Sensations During the Procedure

Even under sedation, some people feel pressure, bloating, or mild cramping as the scope moves through the colon. These sensations come from two things: the scope physically stretching the colon wall as it navigates bends, and the gas pumped in to inflate the colon so the doctor can see.

The sharpest turns happen at the sigmoid colon (lower left side) and near the liver (upper right side), where the colon angles steeply. At these points the scope may push harder or form a loop, which can cause a brief, cramp-like pain. The gas inflation triggers the colon to contract, similar to the urge you feel before a bowel movement. These contractions are the main source of discomfort for patients who feel anything at all.

Many facilities now use carbon dioxide instead of room air for inflation. CO2 is absorbed by the body much faster, which significantly reduces post-procedure bloating. In one controlled study, about 69% of patients in the CO2 group reported no bloating at all, compared to only 29% in the room-air group. Pain scores were also lower with CO2 at every time point measured, though the difference was modest.

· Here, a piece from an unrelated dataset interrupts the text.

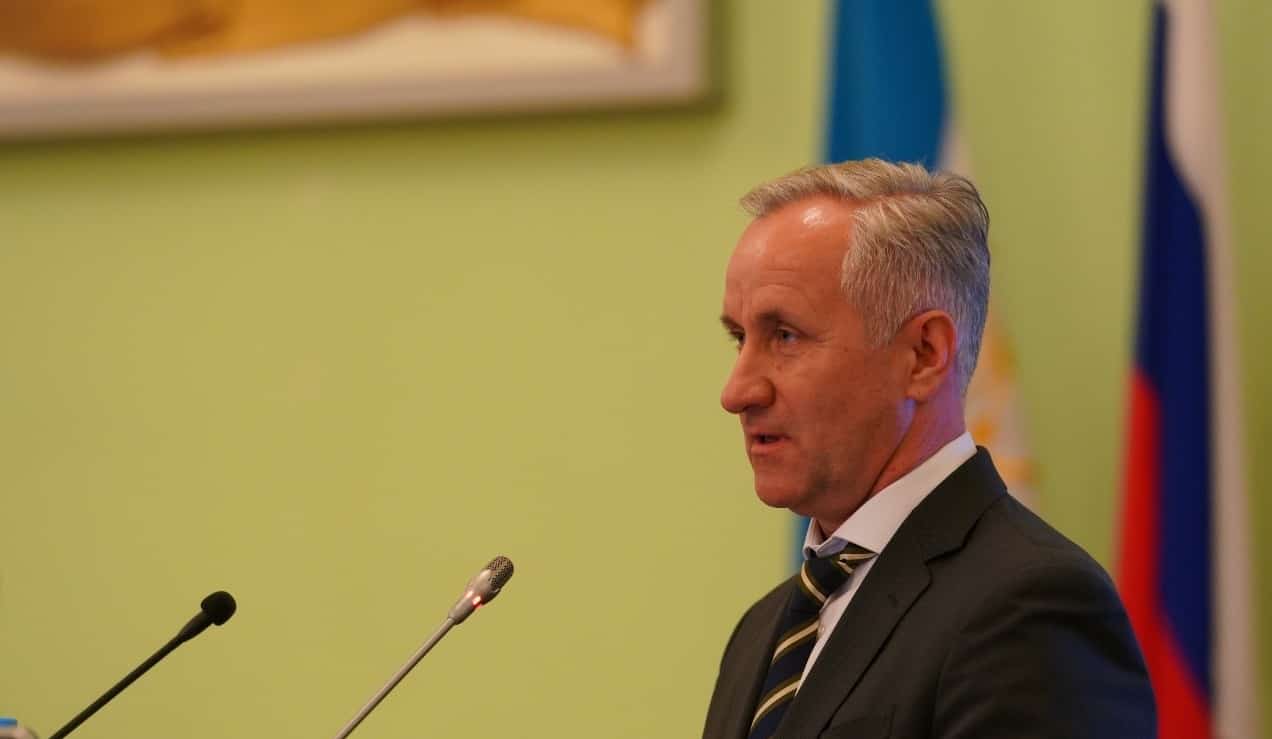 Өфө хакимиәте  башлығы  вазифаһын башҡарыусы итеп  һайланған Сергей Греков ҡаланың төп проблемаларын атаны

The entire scope insertion and withdrawal typically takes 15 to 45 minutes. If polyps need to be removed, you won’t feel it. The inside of the colon has no pain-sensing nerve endings on its surface, so biopsies and polyp removal are painless.

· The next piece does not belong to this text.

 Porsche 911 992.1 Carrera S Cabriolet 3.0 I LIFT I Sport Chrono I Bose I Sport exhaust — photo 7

How Much Pain Patients Actually Report

In a study of 785 colonoscopy patients with a median age of 54, pain broke down like this:

  • No or mild pain: about 64% of patients
  • Moderate pain: 22%
  • Severe pain: 14%

That means roughly two-thirds of patients come through with minimal discomfort. The 14% who experienced severe pain is worth noting, though. Women, patients with a history of abdominal surgery, and those with longer or more winding colons tend to report more discomfort. Interestingly, doctors underestimated their patients’ pain in a significant number of cases, correctly gauging it only about 61% of the time.

The First Hour After Waking Up

You’ll spend 30 to 60 minutes in a recovery area as sedation wears off. The most common sensation is abdominal bloating and a strong need to pass gas. This is the air or CO2 that was pumped in during the procedure, and passing it is important for relief. Don’t hold back.

Walking around, drinking warm liquids, or taking a warm bath can help move the gas along. Some people feel mild cramping in the abdomen during this first hour. You might also feel drowsy, slightly foggy, or a bit nauseated depending on the sedation type. Most facilities won’t let you leave until you’ve passed gas and demonstrated you’re alert enough to walk steadily. You will need someone to drive you home.

Recovery Over the Next 24 Hours

According to the National Institute of Diabetes and Digestive and Kidney Diseases, you should expect a full recovery and return to your normal diet by the next day. In practical terms, most people feel close to normal by the evening of the procedure. The bloating fades as you continue passing gas over a few hours. Your appetite comes back gradually, and starting with light, easy-to-digest foods (soup, toast, bananas) is a good idea before jumping back to heavier meals.

If polyps were removed, you may notice a small amount of blood in your first bowel movement. This is common and typically resolves on its own. Mild abdominal discomfort after a colonoscopy occurs in roughly 2.5% to 11% of patients and is usually caused by residual gas or the stretching that happened during the procedure.

Normal Discomfort vs. Warning Signs

Mild bloating, gas pain, and grogginess in the hours after your colonoscopy are expected. What is not normal is severe abdominal pain that doesn’t improve or gets worse, especially if it comes with fever, chills, or significant rectal bleeding. Severe, unrelenting pain can signal a perforation (a small tear in the colon wall), which is rare but requires immediate medical attention and imaging to rule out. If your post-procedure discomfort feels like it’s escalating rather than gradually fading, that’s the signal to get evaluated rather than wait it out.